Un défi qui est loin de se résumer à la seule "sécurité alimentaire" tant il recouvre des dimensions multiples et enchevêtrées, mais que l'on peut résumer dans quelques chiffres-choc, que nous connaissons malheureusement trop bien : près d'un milliard d'être humains connaissant la famine, et deux milliards en situation de malnutrition, un constat accablant pour toute conception de l'Histoire de l'humanité fondée sur la notion de progrès.
En Europe même, où nous n'avons plus connu de disette d'"Ancien Régime" depuis la "grande famine" irlandaise au milieu du XIXe siècle, 10 % de la population souffrent de malnutrition.
Dans les pays en développement, malgré la "révolution verte", malgré les objectifs fixés par le Sommet mondial de l'alimentation de 1996, la couverture des besoins alimentaires est stagnante depuis près de vingt ans.
Et nous nous interrogeons aujourd'hui doctement pour savoir comment doubler notre production alimentaire d'ici 2050 pour nourrir, à raison d'une ration moyenne de 2 425 calories par jour, une humanité qui comprendra alors 9 milliards de personnes.

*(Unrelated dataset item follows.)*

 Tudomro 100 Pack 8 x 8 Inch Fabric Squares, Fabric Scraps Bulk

Les Romains, qui savaient si bien cultiver leurs champs quand la guerre était finie, appelaient notre terre Alma Mater, la "mère nourricière". Depuis, nous avons marché sur la lune, nous envoyons des sondes sur Mars, mais nous nous sommes montrés incapables jusqu'à présent de faire en sorte que notre planète nourrisse tous ses enfants, de ces enfants dont la CNUCED nous dit qu'il en meurt un de faim toutes les 5 secondes !

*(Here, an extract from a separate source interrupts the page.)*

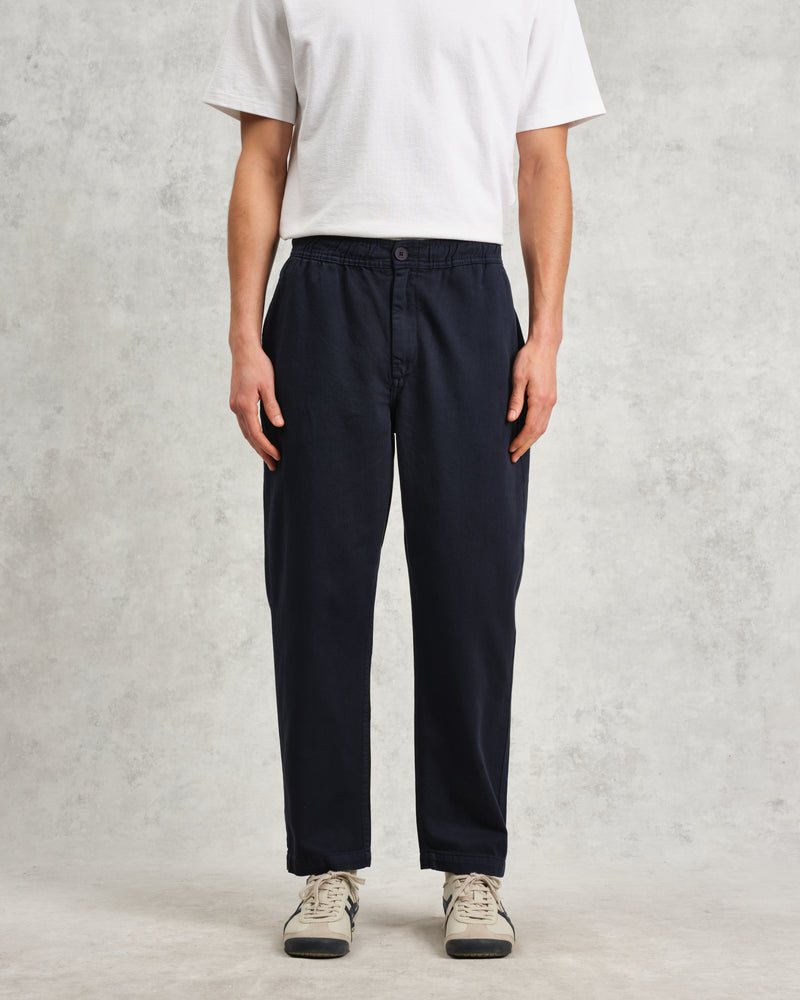 wax london Kurt - Navy Longer Leg Organic Cotton Trousers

C'est la secrétaire d'Etat aux Droits de l'Homme qui s'exprime devant vous : ce défi, nous n'avons pas le droit de ne pas le relever, et avec succès. Nous devons absolument parvenir à cette situation définie par la FAO comme étant celle où "tous les êtres humains ont, à tout moment, un accès physique et économique à une nourriture suffisante, saine et nutritive, leur permettant de satisfaire leurs besoins énergétiques et leurs préférences alimentaires pour mener une vie saine et active".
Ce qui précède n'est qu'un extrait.